Task statement: The data below should be repeated exactly and in full.
------------
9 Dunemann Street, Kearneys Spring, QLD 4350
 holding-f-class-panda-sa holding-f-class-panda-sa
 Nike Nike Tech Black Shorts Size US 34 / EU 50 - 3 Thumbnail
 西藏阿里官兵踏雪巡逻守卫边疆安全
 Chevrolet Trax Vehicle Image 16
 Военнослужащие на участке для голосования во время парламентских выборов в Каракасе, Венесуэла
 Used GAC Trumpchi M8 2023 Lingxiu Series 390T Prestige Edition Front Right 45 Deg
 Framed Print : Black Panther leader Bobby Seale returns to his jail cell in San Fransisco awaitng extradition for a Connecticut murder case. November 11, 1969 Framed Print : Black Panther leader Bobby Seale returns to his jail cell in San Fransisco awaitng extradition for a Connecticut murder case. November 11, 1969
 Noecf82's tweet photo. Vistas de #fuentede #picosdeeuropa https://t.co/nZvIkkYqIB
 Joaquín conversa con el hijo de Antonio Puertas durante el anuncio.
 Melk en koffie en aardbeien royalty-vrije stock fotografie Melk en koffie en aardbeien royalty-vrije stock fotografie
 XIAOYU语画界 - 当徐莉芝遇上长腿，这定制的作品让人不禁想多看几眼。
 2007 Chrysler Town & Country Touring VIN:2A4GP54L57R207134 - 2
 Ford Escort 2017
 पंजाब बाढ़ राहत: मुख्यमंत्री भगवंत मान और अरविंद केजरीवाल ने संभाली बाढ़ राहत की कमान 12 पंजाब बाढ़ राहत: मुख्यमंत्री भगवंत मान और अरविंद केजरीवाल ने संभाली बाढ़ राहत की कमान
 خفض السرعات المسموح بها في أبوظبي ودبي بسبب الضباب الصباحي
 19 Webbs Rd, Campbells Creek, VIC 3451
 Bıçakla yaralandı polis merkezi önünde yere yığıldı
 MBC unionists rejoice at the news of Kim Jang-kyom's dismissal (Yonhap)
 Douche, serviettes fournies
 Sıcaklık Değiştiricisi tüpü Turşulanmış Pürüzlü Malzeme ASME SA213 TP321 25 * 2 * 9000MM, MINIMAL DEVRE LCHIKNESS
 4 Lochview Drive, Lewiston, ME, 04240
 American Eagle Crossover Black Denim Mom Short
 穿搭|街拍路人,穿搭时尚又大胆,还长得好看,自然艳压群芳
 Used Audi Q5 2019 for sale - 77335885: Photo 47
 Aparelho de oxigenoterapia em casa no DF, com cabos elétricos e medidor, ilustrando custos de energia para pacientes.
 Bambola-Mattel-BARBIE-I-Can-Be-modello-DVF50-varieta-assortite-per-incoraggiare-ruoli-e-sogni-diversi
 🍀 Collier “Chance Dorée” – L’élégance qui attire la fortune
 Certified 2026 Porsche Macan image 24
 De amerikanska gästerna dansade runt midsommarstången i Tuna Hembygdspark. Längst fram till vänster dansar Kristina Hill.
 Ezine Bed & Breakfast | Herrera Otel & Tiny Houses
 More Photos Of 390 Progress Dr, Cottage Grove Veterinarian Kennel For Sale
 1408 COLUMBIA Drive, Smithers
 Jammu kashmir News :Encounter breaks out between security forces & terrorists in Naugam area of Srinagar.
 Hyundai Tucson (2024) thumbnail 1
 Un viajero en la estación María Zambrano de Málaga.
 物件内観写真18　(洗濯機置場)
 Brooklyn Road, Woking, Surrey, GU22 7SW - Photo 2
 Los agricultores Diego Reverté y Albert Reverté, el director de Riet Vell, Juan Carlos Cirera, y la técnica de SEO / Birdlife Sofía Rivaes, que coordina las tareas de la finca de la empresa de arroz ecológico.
------------
Response box:
9 Dunemann Street, Kearneys Spring, QLD 4350
 holding-f-class-panda-sa holding-f-class-panda-sa
 Nike Nike Tech Black Shorts Size US 34 / EU 50 - 3 Thumbnail
 西藏阿里官兵踏雪巡逻守卫边疆安全
 Chevrolet Trax Vehicle Image 16
 Военнослужащие на участке для голосования во время парламентских выборов в Каракасе, Венесуэла
 Used GAC Trumpchi M8 2023 Lingxiu Series 390T Prestige Edition Front Right 45 Deg
 Framed Print : Black Panther leader Bobby Seale returns to his jail cell in San Fransisco awaitng extradition for a Connecticut murder case. November 11, 1969 Framed Print : Black Panther leader Bobby Seale returns to his jail cell in San Fransisco awaitng extradition for a Connecticut murder case. November 11, 1969
 Noecf82's tweet photo. Vistas de #fuentede #picosdeeuropa https://t.co/nZvIkkYqIB
 Joaquín conversa con el hijo de Antonio Puertas durante el anuncio.
 Melk en koffie en aardbeien royalty-vrije stock fotografie Melk en koffie en aardbeien royalty-vrije stock fotografie
 XIAOYU语画界 - 当徐莉芝遇上长腿，这定制的作品让人不禁想多看几眼。
 2007 Chrysler Town & Country Touring VIN:2A4GP54L57R207134 - 2
 Ford Escort 2017
 पंजाब बाढ़ राहत: मुख्यमंत्री भगवंत मान और अरविंद केजरीवाल ने संभाली बाढ़ राहत की कमान 12 पंजाब बाढ़ राहत: मुख्यमंत्री भगवंत मान और अरविंद केजरीवाल ने संभाली बाढ़ राहत की कमान
 خفض السرعات المسموح بها في أبوظبي ودبي بسبب الضباب الصباحي
 19 Webbs Rd, Campbells Creek, VIC 3451
 Bıçakla yaralandı polis merkezi önünde yere yığıldı
 MBC unionists rejoice at the news of Kim Jang-kyom's dismissal (Yonhap)
 Douche, serviettes fournies
 Sıcaklık Değiştiricisi tüpü Turşulanmış Pürüzlü Malzeme ASME SA213 TP321 25 * 2 * 9000MM, MINIMAL DEVRE LCHIKNESS
 4 Lochview Drive, Lewiston, ME, 04240
 American Eagle Crossover Black Denim Mom Short
 穿搭|街拍路人,穿搭时尚又大胆,还长得好看,自然艳压群芳
 Used Audi Q5 2019 for sale - 77335885: Photo 47
 Aparelho de oxigenoterapia em casa no DF, com cabos elétricos e medidor, ilustrando custos de energia para pacientes.
 Bambola-Mattel-BARBIE-I-Can-Be-modello-DVF50-varieta-assortite-per-incoraggiare-ruoli-e-sogni-diversi
 🍀 Collier “Chance Dorée” – L’élégance qui attire la fortune
 Certified 2026 Porsche Macan image 24
 De amerikanska gästerna dansade runt midsommarstången i Tuna Hembygdspark. Längst fram till vänster dansar Kristina Hill.
 Ezine Bed & Breakfast | Herrera Otel & Tiny Houses
 More Photos Of 390 Progress Dr, Cottage Grove Veterinarian Kennel For Sale
 1408 COLUMBIA Drive, Smithers
 Jammu kashmir News :Encounter breaks out between security forces & terrorists in Naugam area of Srinagar.
 Hyundai Tucson (2024) thumbnail 1
 Un viajero en la estación María Zambrano de Málaga.
 物件内観写真18　(洗濯機置場)
 Brooklyn Road, Woking, Surrey, GU22 7SW - Photo 2
 Los agricultores Diego Reverté y Albert Reverté, el director de Riet Vell, Juan Carlos Cirera, y la técnica de SEO / Birdlife Sofía Rivaes, que coordina las tareas de la finca de la empresa de arroz ecológico.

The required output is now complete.